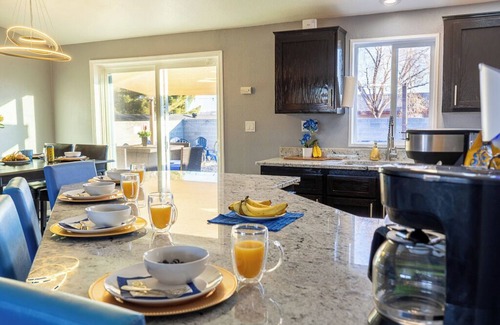 Page House | Large backyard with games/Grill & fire pit/2 Kings/Boat parking/Dogs welcome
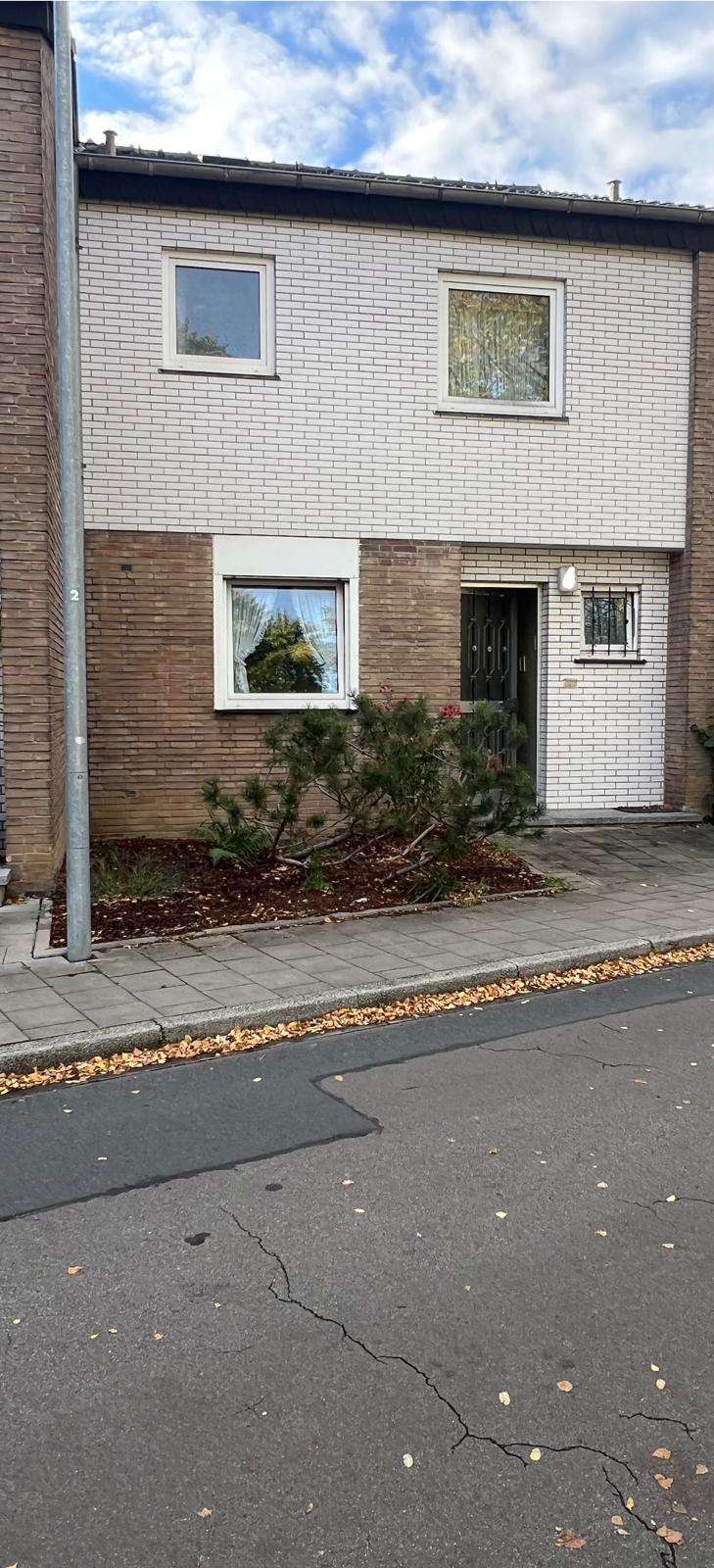 Thumbnail-Haus zum Kaufen in Düsseldorf Urdenbach 389.000,00 € 110 m²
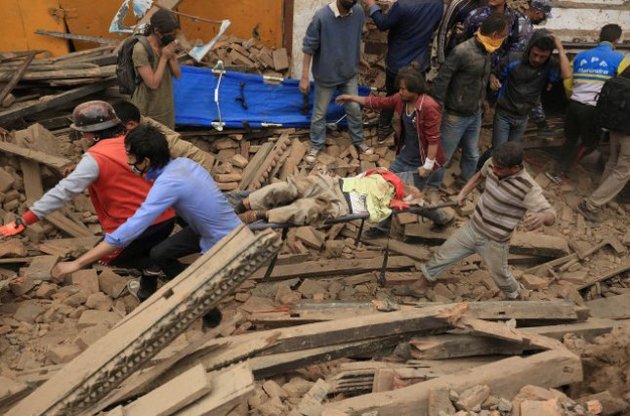 Землетрясение в Непале: число жертв превысило 7 тысяч человек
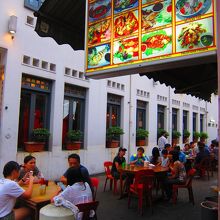 今夜も路上でタイ料理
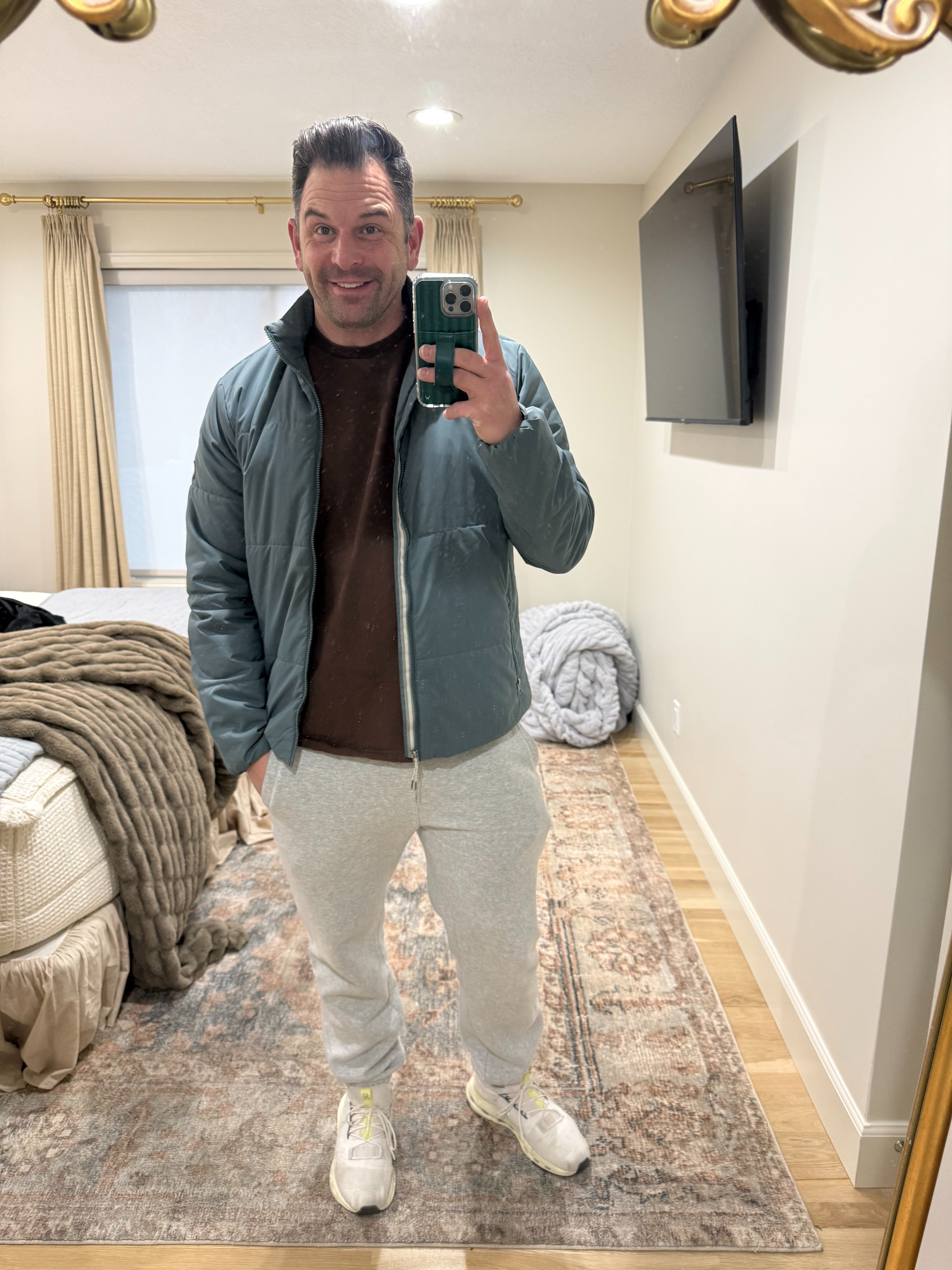  Active loungewear for today. And can you guess it? Wearing @Vuori US and @Alo Yoga 

Men’s style, dad fashion, activewear, 


#LTKootd #LTKActive #LTKMens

Task item ->
Repeat the listing above exactly, omitting the pictures it contains.

Solution to this exercise ->
 Page House | Large backyard with games/Grill & fire pit/2 Kings/Boat parking/Dogs welcome
 Thumbnail-Haus zum Kaufen in Düsseldorf Urdenbach 389.000,00 € 110 m²
 Землетрясение в Непале: число жертв превысило 7 тысяч человек
 今夜も路上でタイ料理
  Active loungewear for today. And can you guess it? Wearing @Vuori US and @Alo Yoga 

Men’s style, dad fashion, activewear, 


#LTKootd #LTKActive #LTKMens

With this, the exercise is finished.